Microstructure-dependent deformation behaviour of a low \(\gamma^\prime\) volume fraction Ni-base superalloy studied by in-situ neutron diffraction
Artikel i vetenskaplig tidskrift, 2019
Ni-base superalloys are critical materials for numerous demanding applications in the energy and aerospace sectors. Their complex chemistry and microstructure require detailed understanding of the operating deformation mechanisms and interaction between the matrix and the hardening phase during plastic deformation. Here we use in-situ neutron diffraction to show that the dependence of the deformation mechanisms and load redistribution on $\gamma^\prime$ particle size in a Ni-base superalloy with a $\gamma^\prime$ volume fraction of around $20 \%$ can exhibit distinct differences compared to their high volume fraction counterparts. In particular, the load redistribution in the coarse microstructure occurs immediately upon yielding in the present case, whereas high $\gamma^\prime$ volume fractions have been observed to initially lead to shear mediated co-deformation before work hardening allows looping to dominate and cause load partitioning at higher stresses.

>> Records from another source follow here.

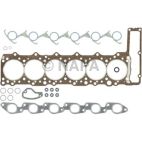Engine Cylinder Head Gasket Set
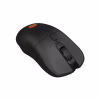 Мишка Canyon Cutlass Wireless USB Black (CND-SGMW11B) - Image 3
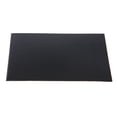 thumbnail image 6 of Mouse Feet Pedal Gaming Mice Pads Foot Sticker DIY 0.6mm Thickness Black, 6 of 8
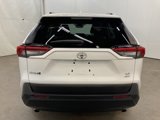 Used 2020 Toyota RAV4 LE image 5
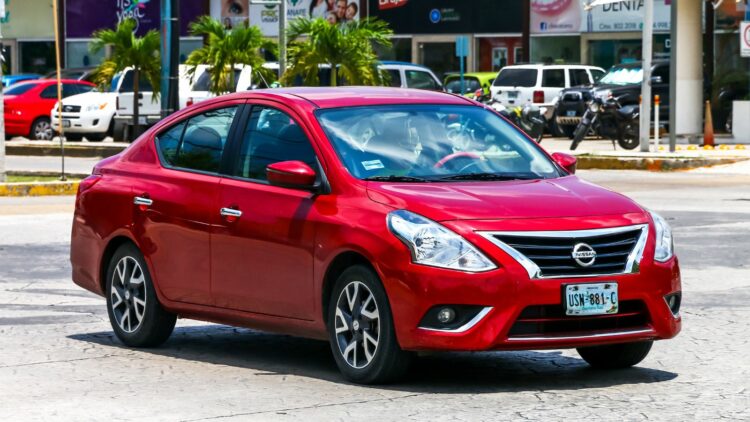 Photo Credit: Shutterstock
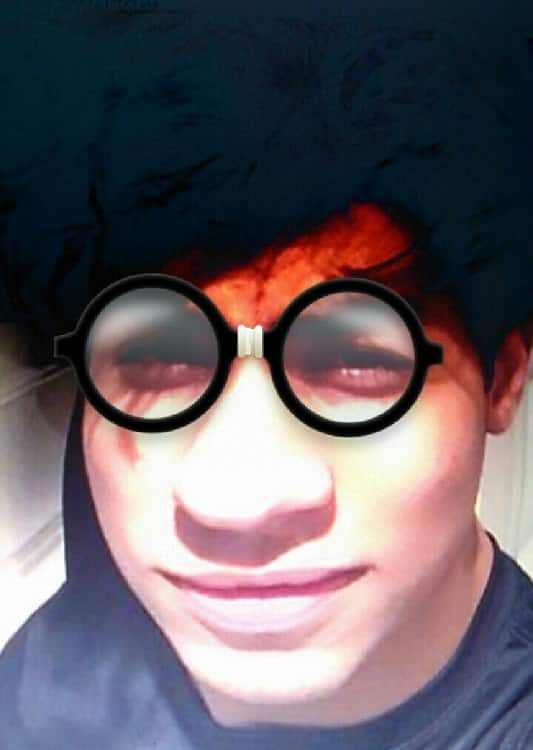 Snapchat-8670304131565137677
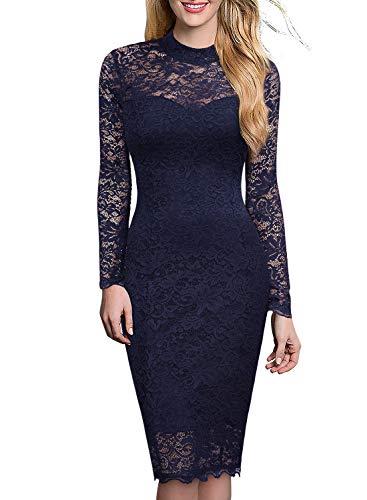 winterkleid-damen-langarm-12_13 Winterkleid damen langarm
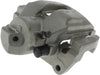 Disc Brake Caliper Centric Parts 141.34098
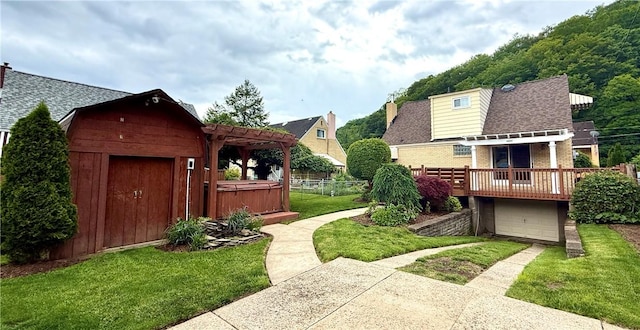62 Spring St, Etna, PA 15223 - photo 40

The fine microstructure, on the other hand, behaved similar to high volume fraction alloys, exhibiting co-deformation of the phases due to particle shearing. A recently developed elasto-plastic self-consistent (EPSC) crystal plasticity model, specifically developed for the case of coherent multi-phase materials, could reproduce experimental data with good accuracy. Furthermore, the finite strain formulation of the EPSC model allowed deformation induced texture predictions. The correct trends were predicted by the simulations, but the rate of lattice rotation was slower than experimentally observed. The insights point towards necessary model developments and improvements in order to accurately predict e.g. texture evolution during processing and effect of texture and microstructure on component properties.